Feature-Preserving Smoothing of Diffusion Weighted Images Using Nonstationarity Adaptive Filtering
Yan-Li Zhang, Wan-Yu Liu, Isabelle E. Magnin, and Yue-Min Zhu
Volume: 60, Issue: 6, Page: 1693-1701
Investigating the microstructure of tissues is essential for understanding the cause of their diseases, which is in turn beneficial to the diagnosis and the treatment in clinics. For instance, many cardiovascular diseases, such as myocardial infarction known as heart attack, actually result from the death of heart muscle. Owing to its ability of measuring the diffusion of water molecules, diffusion tensor magnetic resonance imaging (DT-MRI or DTI) offers a promising technique to get insights into the fiber architecture of in vivo tissues.

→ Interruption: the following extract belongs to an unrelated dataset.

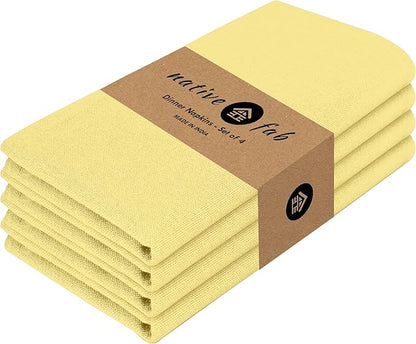 Native Fab Solid Light Yellow Cloth Napkins Set of 4, 100% Cotton Washable Fabric, 17x17 inches, Reusable Table Linen Napkins for Dinner, Party, Wedding, Pale Yellow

However, the performance and the potentiality of DTI are hampered by the presence of high-level noises in diffusion weighted (DW) images. In certain situations, these images are corrupted so severely that their features, such as edges or details, can be buried in the speckled mosaic-like patterns aroused by noise, and subsequent DTI analyses are vitiated by uncertainty and errors. Reducing high-level noise in DW images while preserving desirable features still remains a persistent challenge. In this paper, a new feature-preserving smoothing method, called the nonstationarity adaptive filtering (NAF), is proposed. The basic idea of the method is to replace a pixel’s intensity by the averaged intensity of its homogeneous neighborhood, but with the particularity of appropriately determining the homogeneous neighborhood even in highly noisy cases. Experimental results on both synthetic and real human DW images showed that the NAF makes DW images gain better visual appearance, regularizes diffusion tensor fields effectively while restoring the anisotropy of tensors, allows for more accurate measurements of diffusion properties, and ensures more reliable fiber reconstruction.